Self-driving cars will need the ability to react to unexpected road hazards – for instance, a child's ball rolling onto a street, just beyond the corner of a sharp turn. Stanford researchers are currently developing laser-based imaging technology that will provide that ability; applications include autonomous vehicles, aerial surveillance and even search-and-rescue operations.

The system bounces lasers around corners to produce images of objects hidden from view – what Gordon Wetzstein, electrical engineering assistant professor and senior author of a recently published paper on the research, calls "non-line-of-sight imaging."

This type of imaging is being developed by others as well – what sets the Stanford research apart is the efficiency and effectiveness of the algorithm developed for final image processing.
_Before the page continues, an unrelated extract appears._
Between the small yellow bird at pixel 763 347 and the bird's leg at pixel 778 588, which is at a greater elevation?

“A substantial challenge in non-line-of-sight imaging is figuring out an efficient way to recover the 3-D structure of the hidden object from the noisy measurements,” explains David Lindell, graduate student in the Stanford Computational Imaging Lab and co-author of the paper. “I think the big impact of this method is how computationally efficient it is.”
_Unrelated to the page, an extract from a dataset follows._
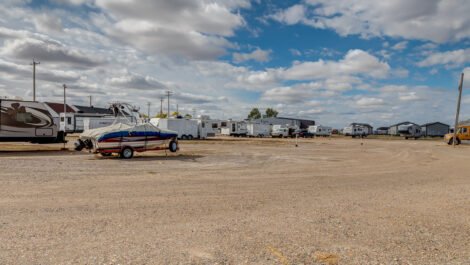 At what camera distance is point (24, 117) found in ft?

Grad student David Lindell and post-doctoral scholar Matt O’Toole at work in the lab. Source: L.A. CiceroGrad student David Lindell and post-doctoral scholar Matt O’Toole at work in the lab. Source: L.A. Cicero

In the Stanford system, bounced laser pulses are sent to a highly-sensitive photon detector that can scan individual particles of light; an algorithm then transforms the captured photon paths from a blurry blob to a much sharper image. While the scan currently takes between two minutes and an hour, depending on conditions such as lighting and hidden object reflectivity, the algorithm completes its processing in less than a second. And it's so efficient that it can run on a standard laptop.

Before the system is road-ready, it will need to work better in daylight and with objects in motion. The team is continuing to work on this system so it can better handle the variability of the real world and complete the scan more quickly. At present, the system performs particularly well with retroreflective objects such as safety apparel and traffic signs. The researchers say that if the technology were placed on a car today, that car could easily detect things like road signs, safety vests or road markers – but might struggle with a person wearing non-reflective clothing.

The research was published in the March 5 edition of Nature.